A Black St. Louis woman is facing six months behind bars over a speeding ticket she thought she had resolved, only to find out there was a warrant out for her arrest. The nightmare for Precious Jones, 34, began Mother’s Day weekend in 2017 when she was stopped by the Missouri Highway Patrol for going 120 mph.
Jones received a ticket and was sent on her way but wound up missing her August court date. “It slipped my mind,” she told the St. Louis Post-Dispatch. Jones said she turned herself into the police and paid the bond on her outstanding warrant before scheduling a new court date. She thought she was in the clear and pleaded guilty to a misdemeanor of going at least 26 miles over the speed limit. Still, the judge “threw the book at me,” Jones told the Post-Dispatch. “Associate Circuit Court Judge Kelly Rose gave her a six-month jail sentence and two years probation,” the newspaper reported.

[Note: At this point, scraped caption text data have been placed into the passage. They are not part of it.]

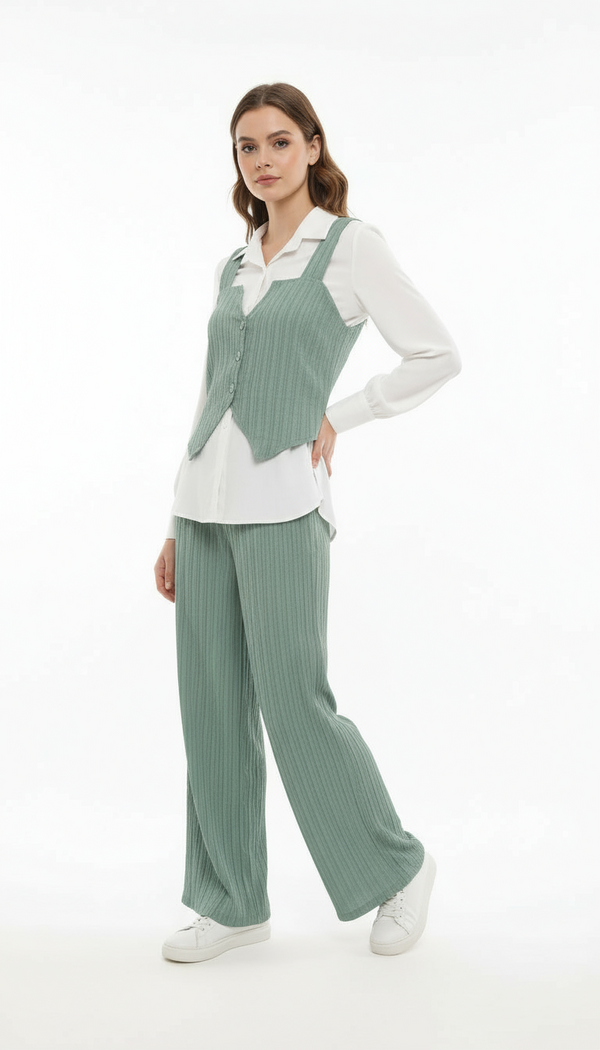 Ribbed Texture Three-Piece Set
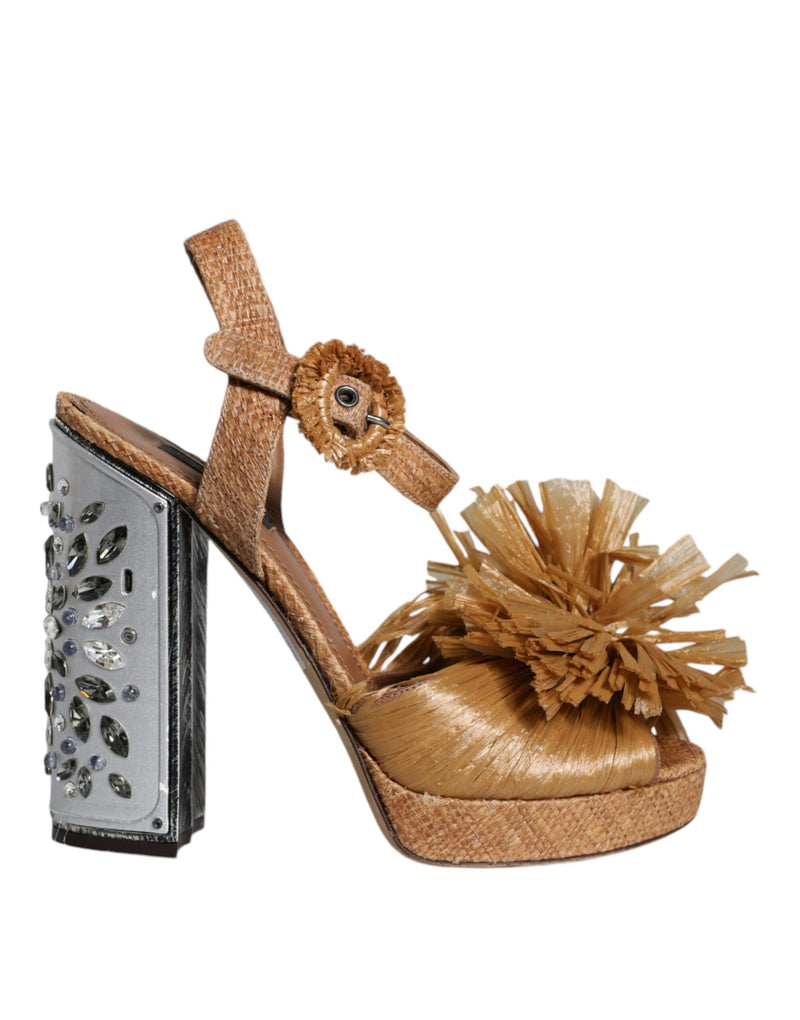 Dolce & Gabbana Sandales Cristal à Bride Cheville en Raffia Marron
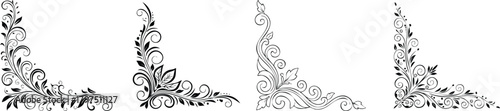 Elegant decorative black corner flourish in minimal thin line art suitable for refined frame embellishment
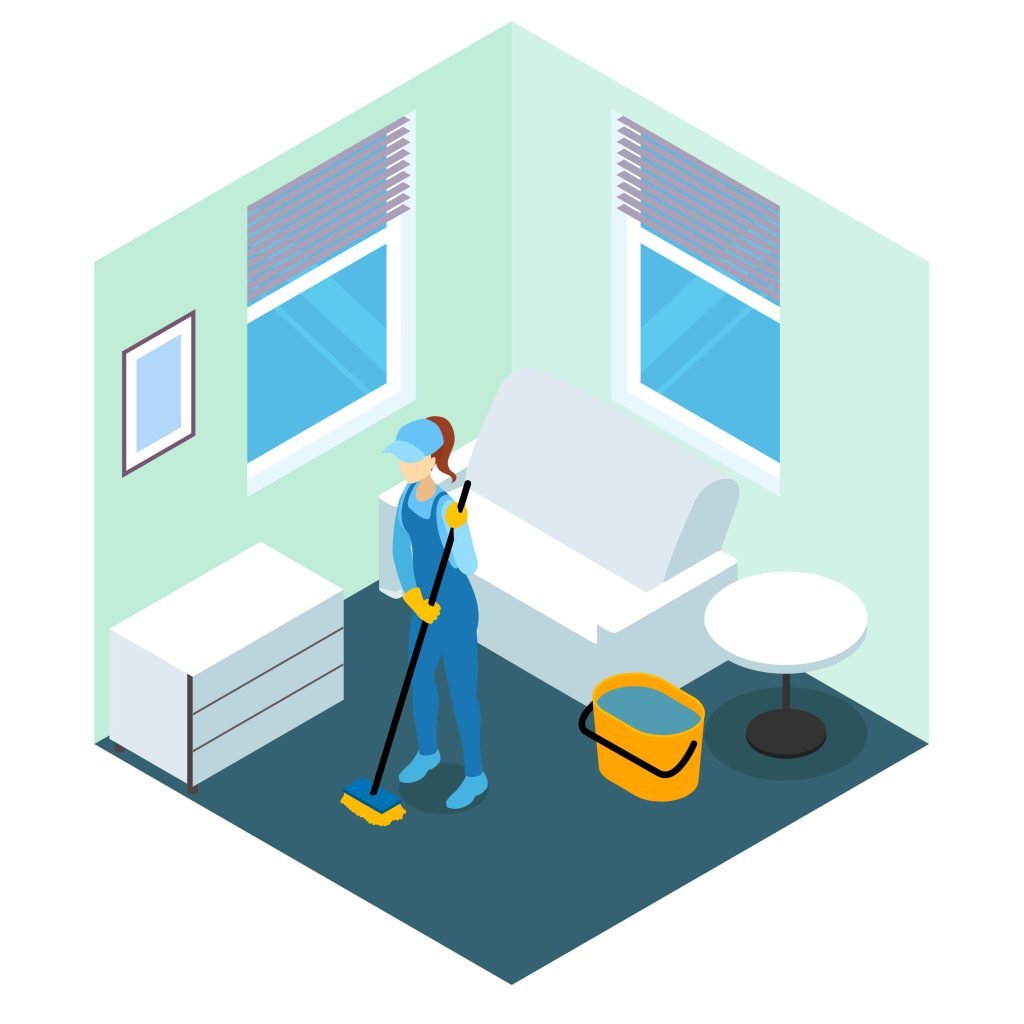 Floor cleaning isometric design in blue tones with woman in overalls with mop | JF Services | Vancouver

“The jail sentence would be suspended if Jones did 20 days ‘shock time’ in jail, on consecutive weekends.” Though shocked by the harsh sentencing, Jones still managed to hitch a ride every Friday to serve out her time at the Lafayette County Jail — a nearly three-hour drive from her home in St. Louis County. One day in May, Jones arrived an hour late due to work-related issues. On a separate incident in June, her car broke down. She alerted the jail and wasn’t able to make it to Lafayette County until the next day.
The jail then kept her for two full days. By July, Jones figured she had served her time and paid off her debts. She was dealt a huge blow in September, however, when she received a letter in the mail from Lafayette County saying there was a warrant out for her arrest. It turned out prosecutor Kristen Hilbrenner was seeking to revoke her probation for the time she was late to jail, despite the fact that Jones had stayed and served her full time. Jones is now facing another six-month sentence and warrant with a $2,500 bond attached to it, the St. Louis Post-Dispatch reported.
“I don’t know what I’m going to do,” Jones told the newspaper. “They’re just not going to let me go. They keep coming back for me.” Jones’ case is the latest example of the widespread issue in Missouri’s rural courts where mostly low-income defendants of color are hit with probation violations and fees meant to keep them tied up in the legal system for years in an effort to boost local revenue. In 2016, a St. Louis suburb was forced to pay a $4.7 million settlement for running a modern-day
debtor’s prison by illegally jailing 2,000 people who were unable to pay costly jail fees. Jones could face a similar fees if she ends up doing more jail time in Lafayette County. Her license has since been suspended, forcing her to ask for rides wherever she goes. The St. Louis woman has reached out to the American Civil Liberties Union and NAACP in hopes that they can help her avoid a new jail sentence. “I’m losing everything,” she said.